A broken heart, that old phrase; I didn’t realize it would feel
like a plate breaking in the middle of your chest.

Bessie Smith Connolly has lived with her Nova Scotia grandparents since she was small. But at seventeen—grieving the death of her steadfast grandfather, smarting from a split with the boy she loves—she escapes to Saskatoon to be with her mother, Isabel. Bittersweet, clear-eyed, and deeply affecting, this marvellous debut novel charts Bessie’s course as she makes her way through her exploded family and out into the world.

Finalist for the Amazon/Books in Canada First Novel Award

From a recent review from Fernie Fix, by Angie Abdou:
Open Arms is an emotional ride. When I least expected it, I found myself in tears. As a theatre student, Bessie is often accused of being insincere, of acting her way through life. In a fit of anger and jealousy, the one boy she loves tells her: “Faking it, being able to fake it, lessens the real power of life. Pretending to love lessens love.” What Bessie and those around her have to learn is how to step away from the script, drop expectations based on convention, and finally find the real power of the life and genuine love that they already possess.

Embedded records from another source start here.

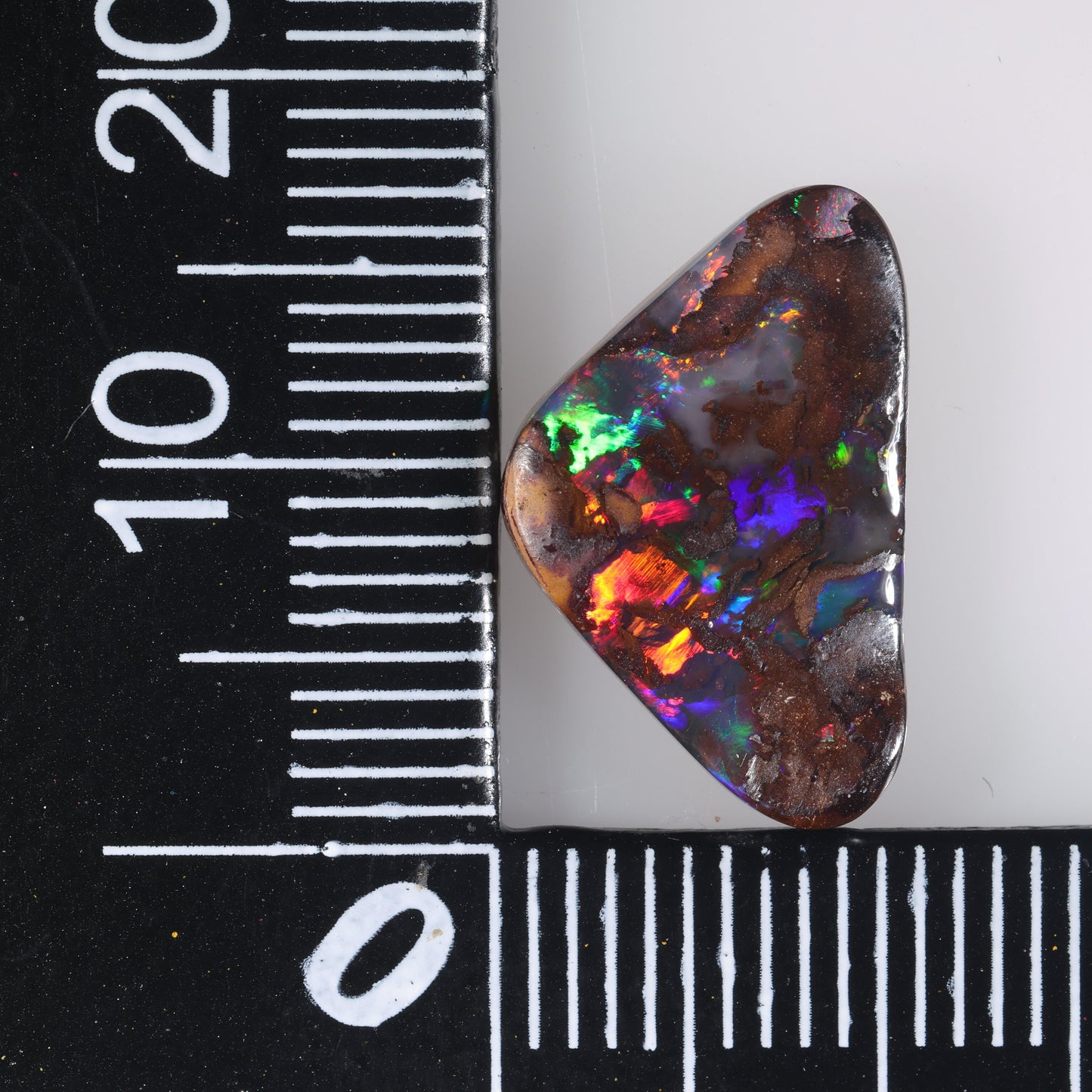 Boulder Opal 4.9 cts 36803
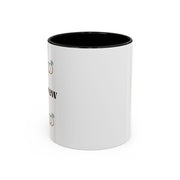 ''I Do' Crew' Accent Coffee Mug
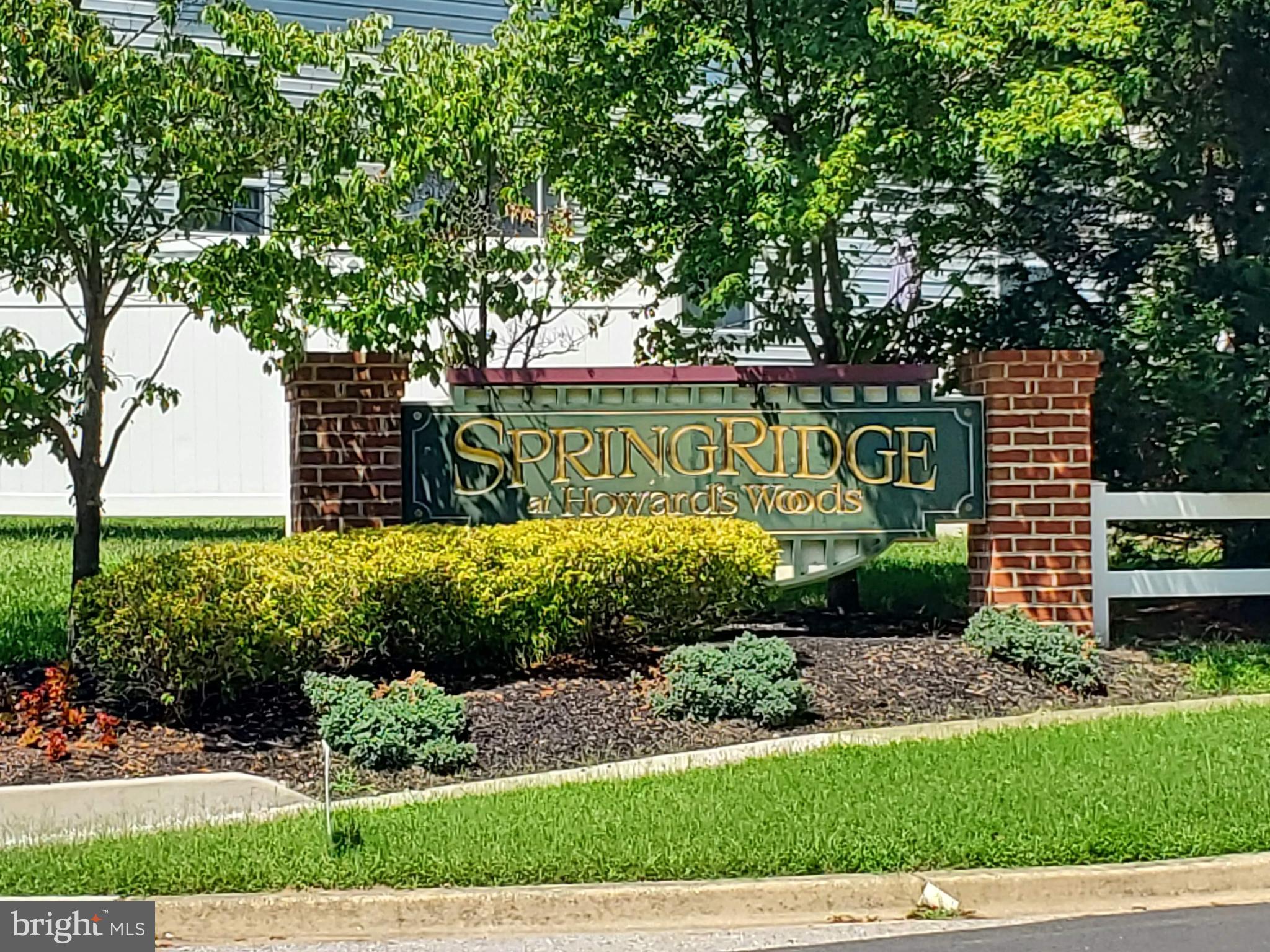 SPRINGRIDGE - Residential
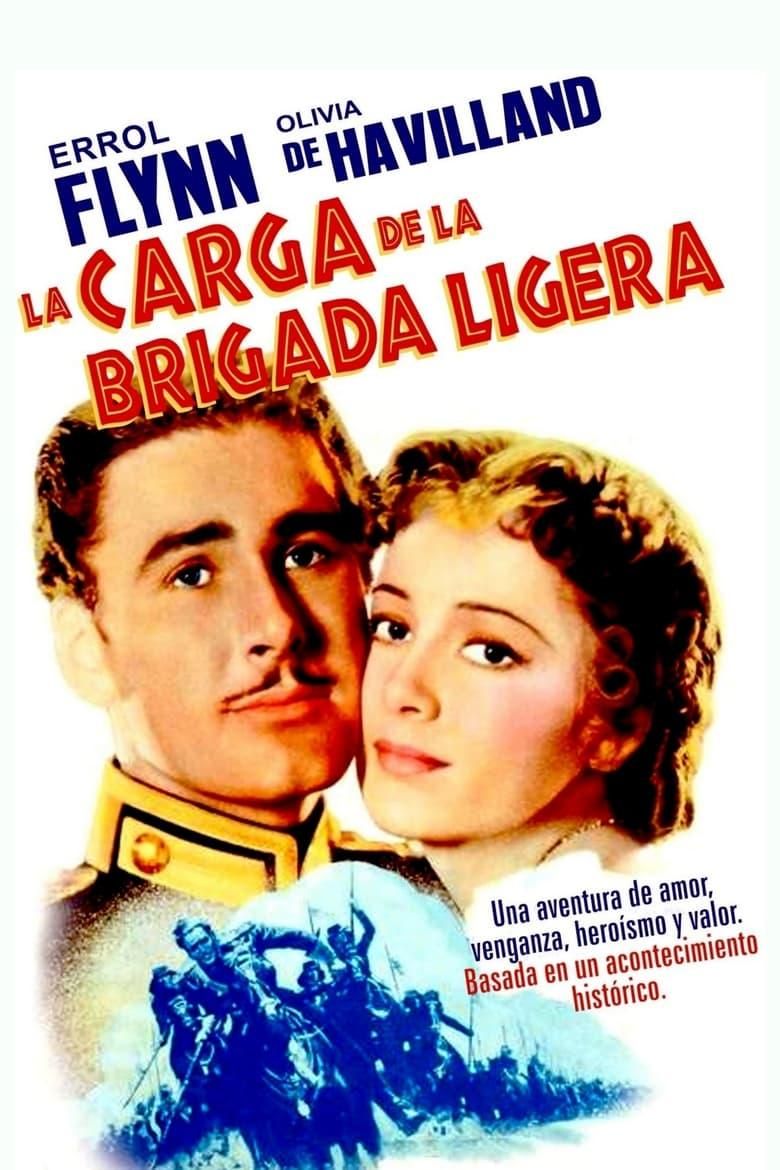 La carga de la Brigada Ligera poster image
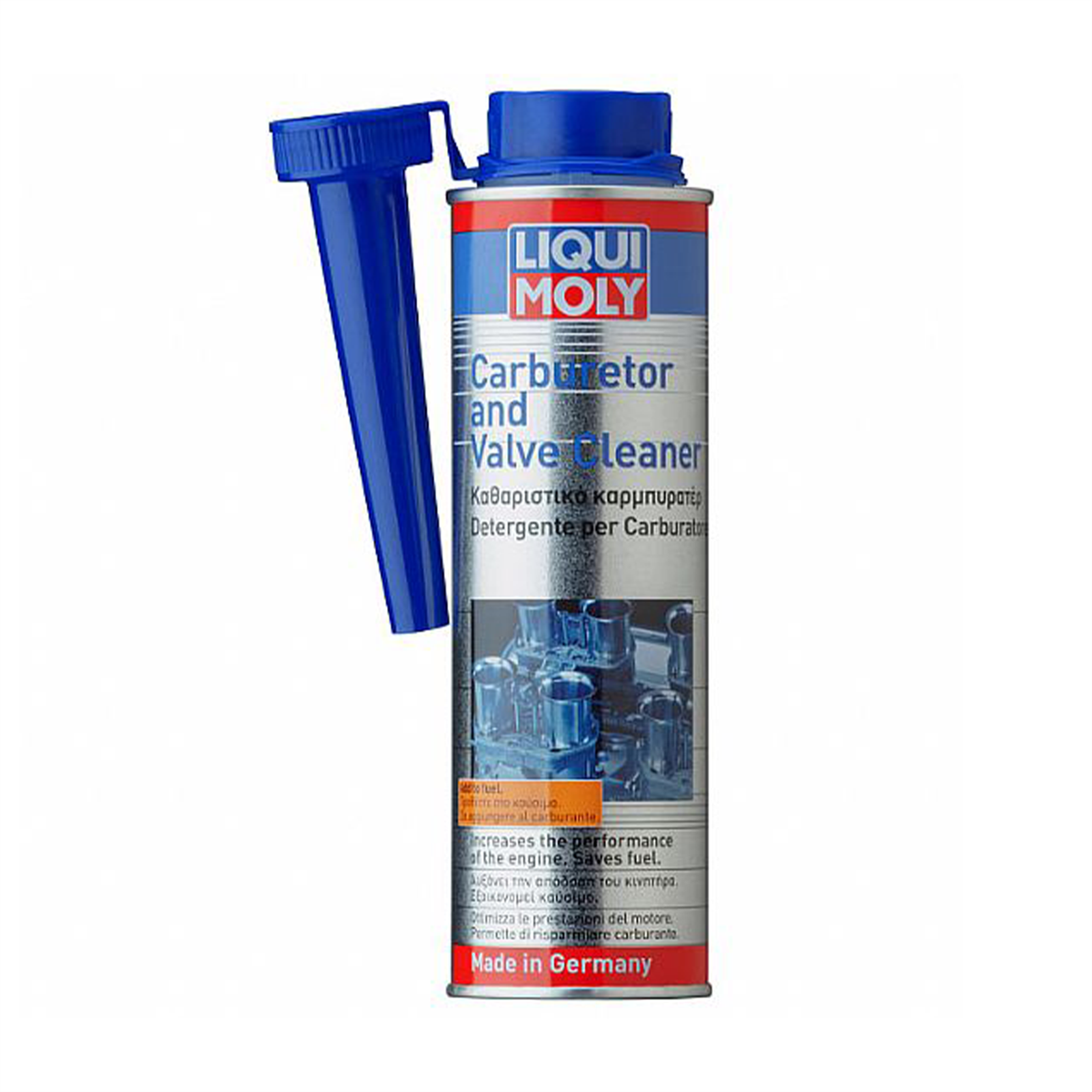 Liqui Moly MTX Carburetor Carb & Valve Cleaner Petrol Additive 300ml 1818 - Image 13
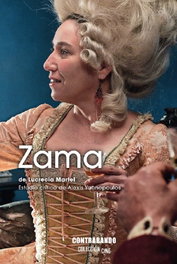 Zama, Antoinette Portis - CONTRABANDO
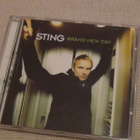Sting Brand new day cd eu 1999 the police - pikkukuva 1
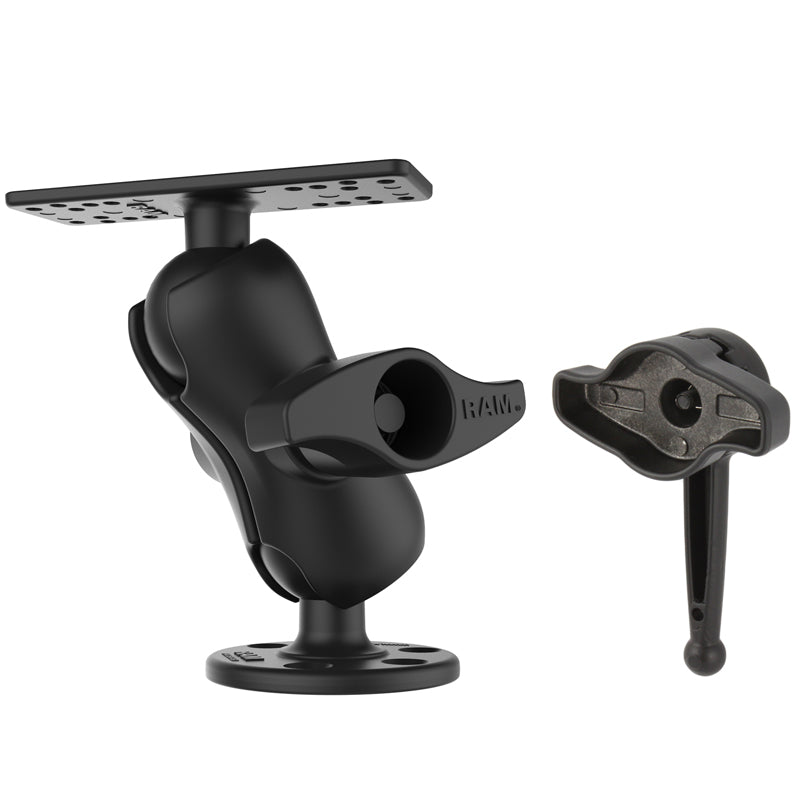 RAM-D-115-C-KNOB9H
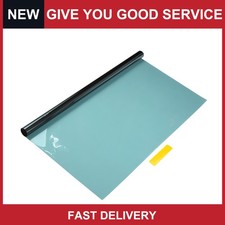 Car Window Tint Film 9.84 Ft X 29.92 Inch Blue Vlt 70 Irr 23
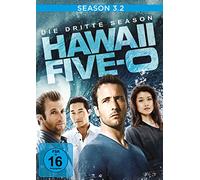 Alex O'Loughlin,Grace Park,Daniel Dae Kim - Hawaii Five-0 (2010) - Season 3.2 (3 Discs,... [Version standard]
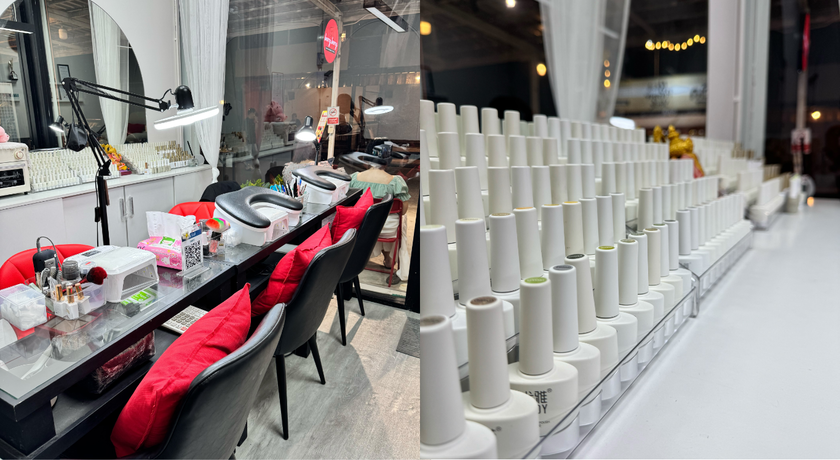 Berry Berry Nail Salon & Spa  3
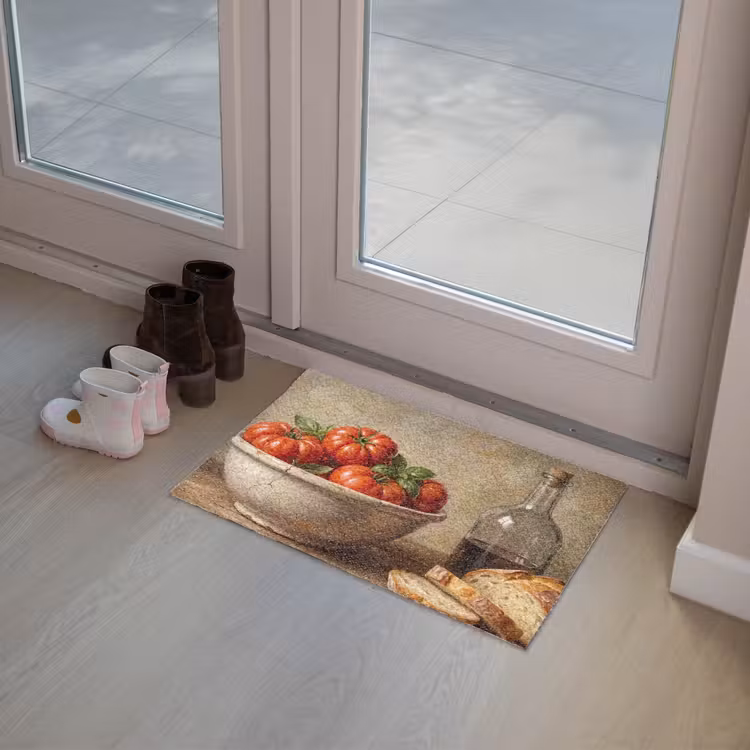Deurmat - Tomaten - Kom - Eten — 8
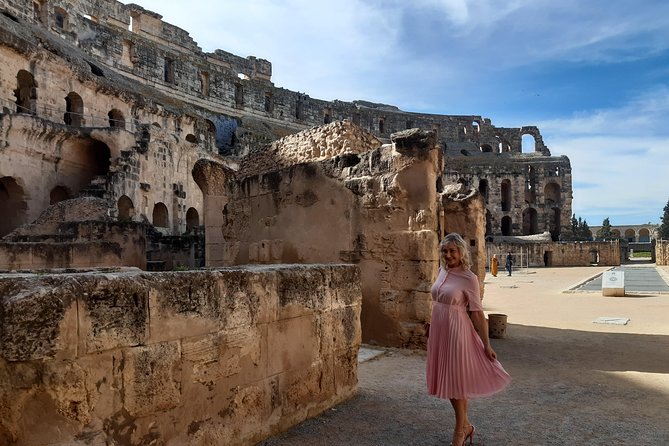 Daytrip to Kairouan and El Jem Colosseum - Medina of Kairouan, Souks, Three Doors, and Mekroudhs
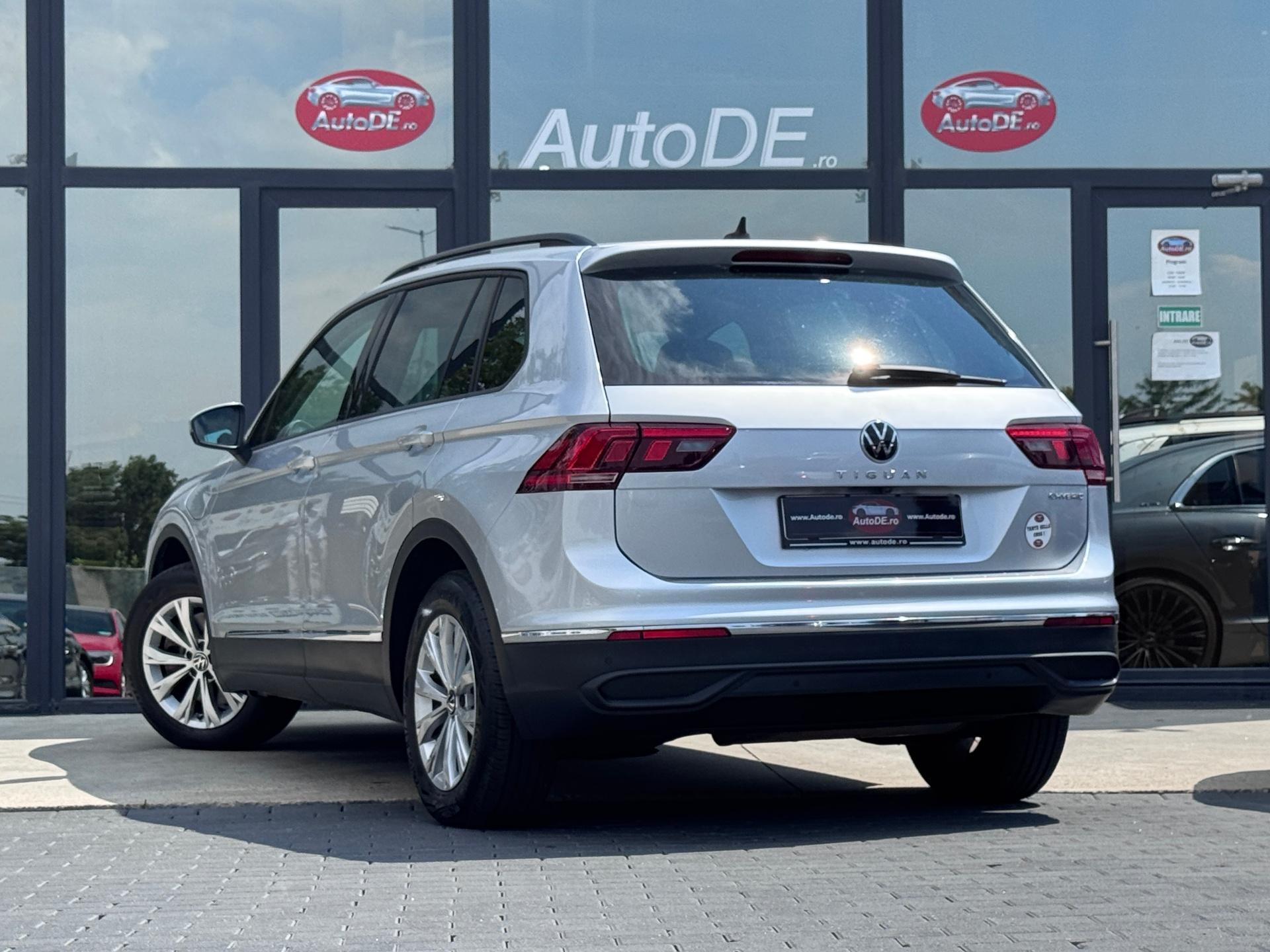 Volkswagen-Tiguan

Open Arms is an impressive debut. It tackles a subject as old as life itself and gives it a newness and an honesty. Marina Endicott is a writer to watch.”
The Hamilton Spectator

“Endicott’s writing is clear as fast-running water and hard as gemstones. She writes with wisdom, grace and conviction. Open Arms demonstrates a lucid, hard-won faith in the ability of people to find love and hold on tight. It’s hard to imagine wishing for anything more.”
The Vancouver Sun

Open Arms, by Marina Endicott, meets one of my major criteria for successful novels: three weeks after reading it I can still recall characters, scenes, and events… Endicott is an excellent storyteller and this is a substantial, sweet-natured novel, full of hope and promise.”
–W. P. Kinsella, Books in Canada

“[Endicott’s] novel offers lucid, unembellished prose that hides convolutions of deeper meaning. Six girls and women are the linked heroines of this deceptively episodic tale–deceptive because events scattered over thousands of miles and several decades are finally fused into a striking emotional whole, a continuum of fractured, rarely spoken, but persistent and mysterious love.”
The Globe and Mail

Open Arms is the story of a young woman’s quest. Her search is for a mother, her hope is for a final, hard-won comprehension, a reprieve from the ache of being human. But, as in the finest of quest stories, comprehension does not come at some big, dramatic end, it comes all along the complicated way. Marina Endicott’s vision is evidence that the journey itself, although lonely and uncharted, can be filled with both clues and consolation.”